───── Provided data ─────

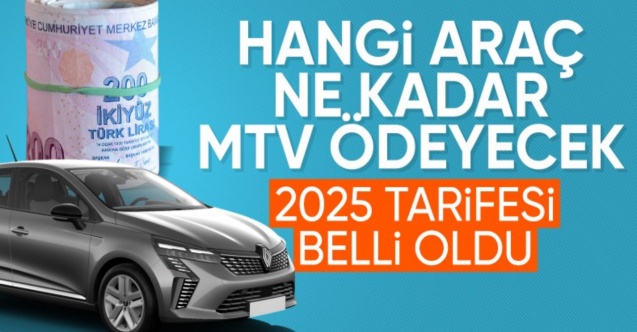2025 yılı MTV tarifesi belli oldu! Hangi araç ne kadar vergi ödeyecek?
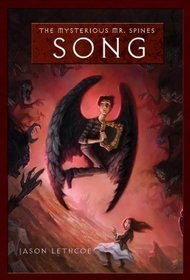 Song (Mysterious Mr. Spines, Bk 3)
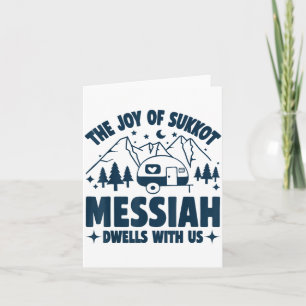 The Joy Of Sukkot Messiah Dwells With Us Jewish Ho Card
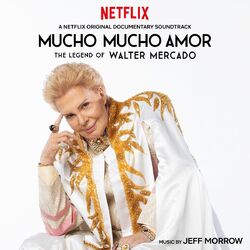 Cover of Mucho Mucho Amor: The Legend of Walter Mercado (Original Motion Picture Soundtrack)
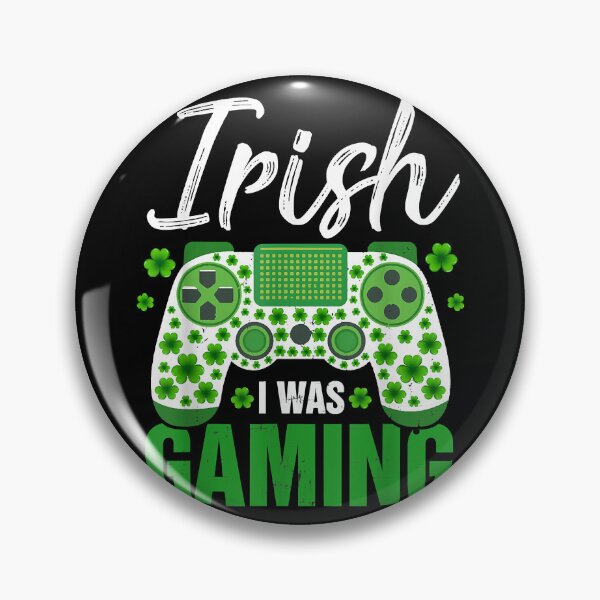 Item preview, Irish I Was Gaming Funny St Patricks Day Gamer designed and sold by MarieSmart77.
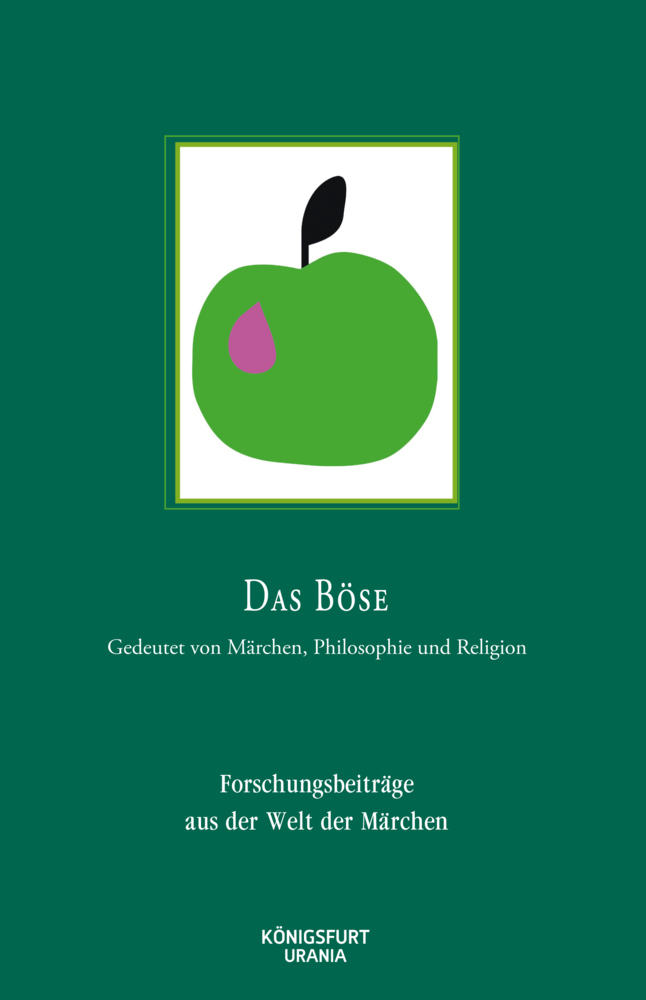 Cover: 9783868269529 | Das Böse - Gedeutet von Märchen, Philosophie und Religion | Buch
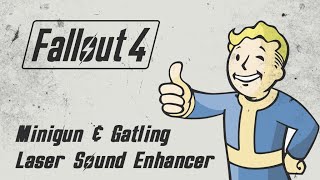 Fallout 4 Minigun amp Gatling Laser Sound Enhancer [upl. by Newberry]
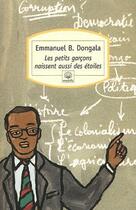 Couverture du livre « Les petits garcons naissent aussi des etoiles » de Emmanuel Dongala aux éditions Motifs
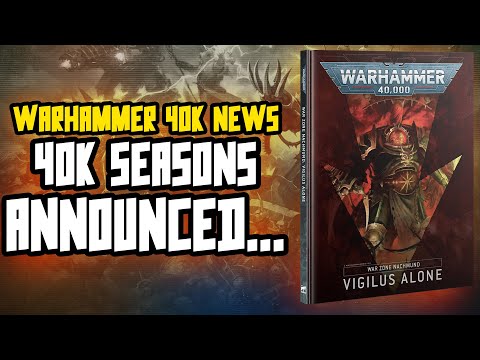 40K is getting Seasons...I dunno about this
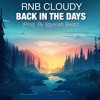 RNB Cloudy - BACK IN THE DAYS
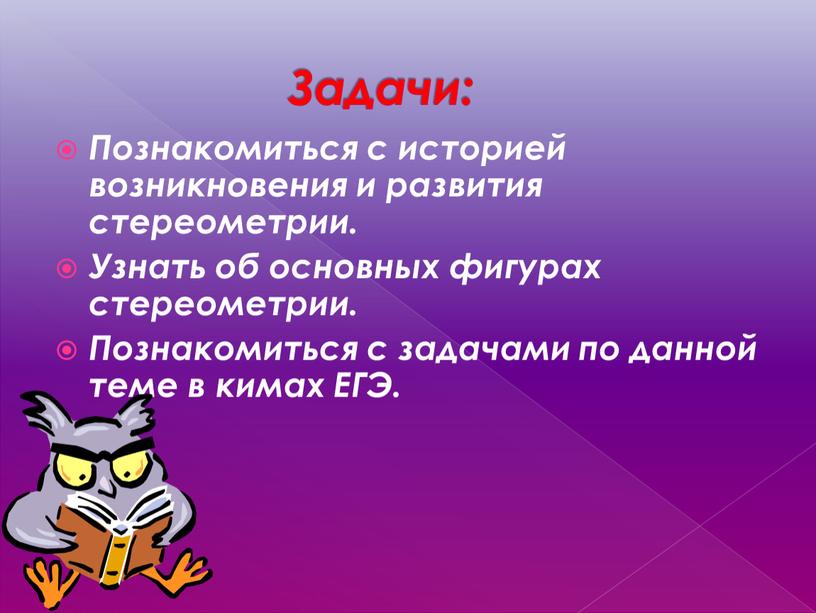 Задачи: Познакомиться с историей возникновения и развития стереометрии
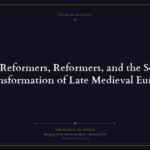 Featured image for Pre-Reformers, Reformers, and the Social Transformation of Late Medieval Europe - Theology in Focus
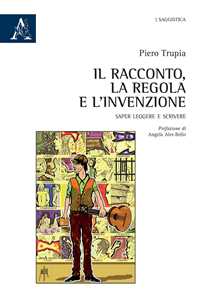 Il racconto, la regola e l'invenzione. Saper leggere e scrivere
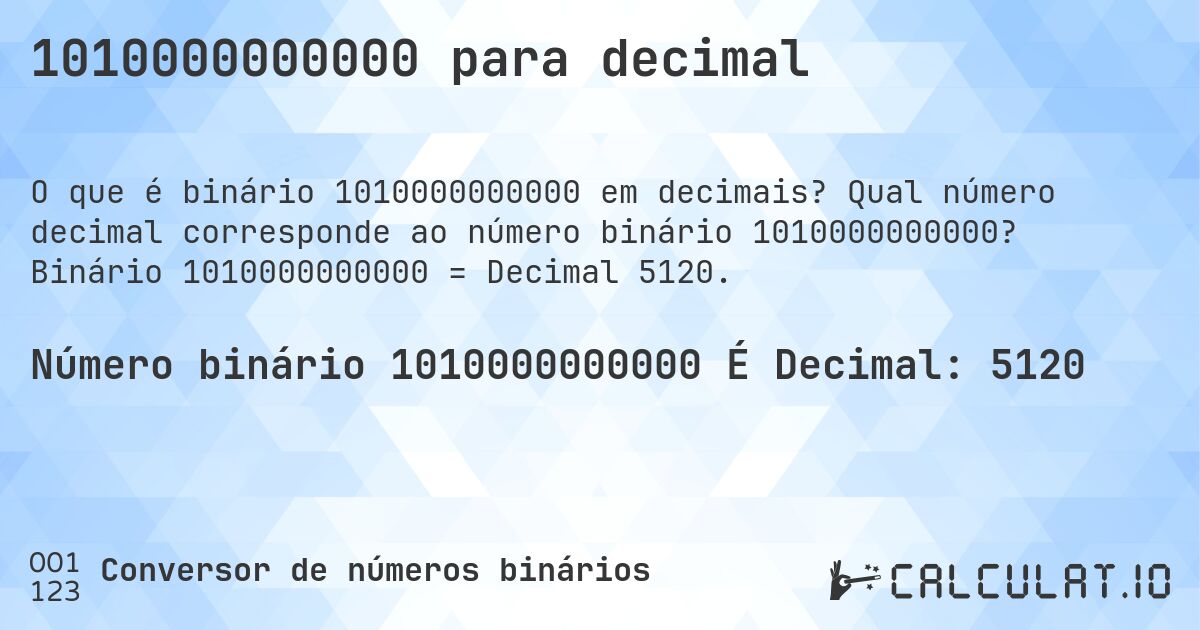 1010000000000 para decimal. Qual número decimal corresponde ao número binário 1010000000000? Binário 1010000000000 = Decimal 5120.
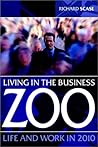 Living in the Corporate Zoo Living in the Corporate Zoo
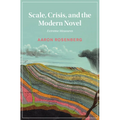 Scale, Crisis, and the Modern Novel - Hardcover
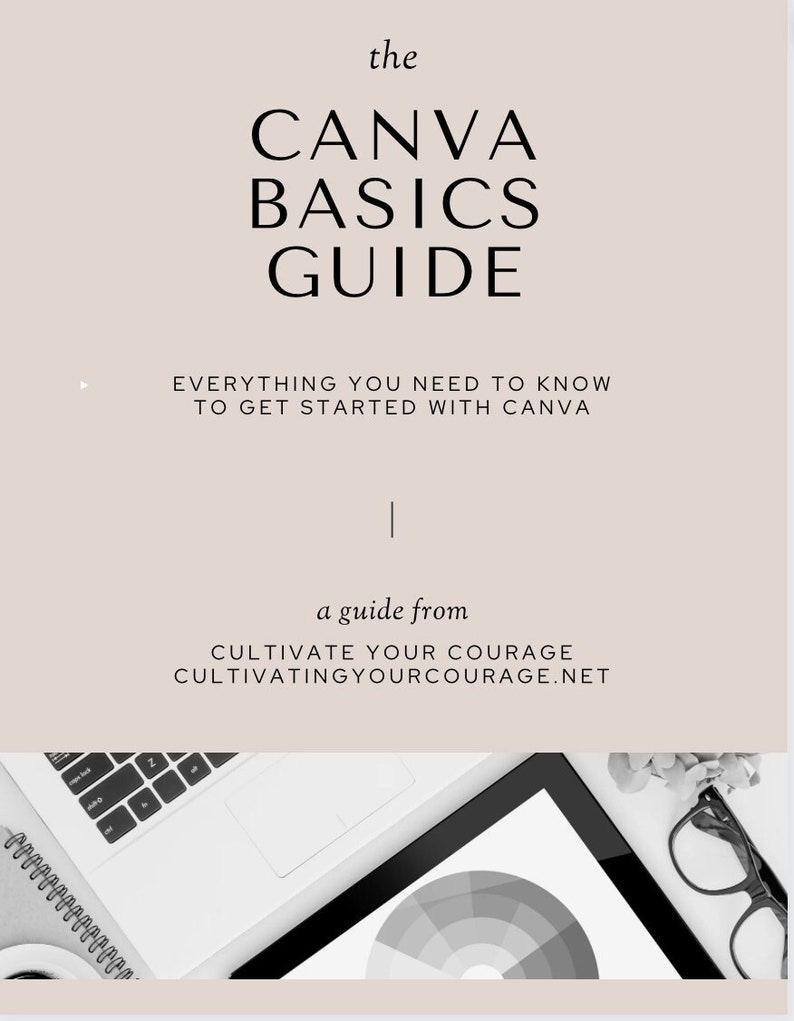 May include: A guide to Canva basics, with the text "the CANVA BASICS GUIDE EVERYTHING YOU NEED TO KNOW TO GET STARTED WITH CANVA a guide from CULTIVATE YOUR COURAGE CULTIVATINGYOURCOURAGE.NET". The image shows a laptop, a tablet with a color wheel, and a pair of glasses.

─────

Instructions to follow:
Print exactly the lines above that run from the one with "Featured image for" to the one with "Living in the Corporate Zoo Living", both included. No pictures.

Exercise output:
 Featured image for Pre-Reformers, Reformers, and the Social Transformation of Late Medieval Europe - Theology in Focus
 Il racconto, la regola e l'invenzione. Saper leggere e scrivere
 1010000000000 para decimal. Qual número decimal corresponde ao número binário 1010000000000? Binário 1010000000000 = Decimal 5120.
 Living in the Corporate Zoo Living in the Corporate Zoo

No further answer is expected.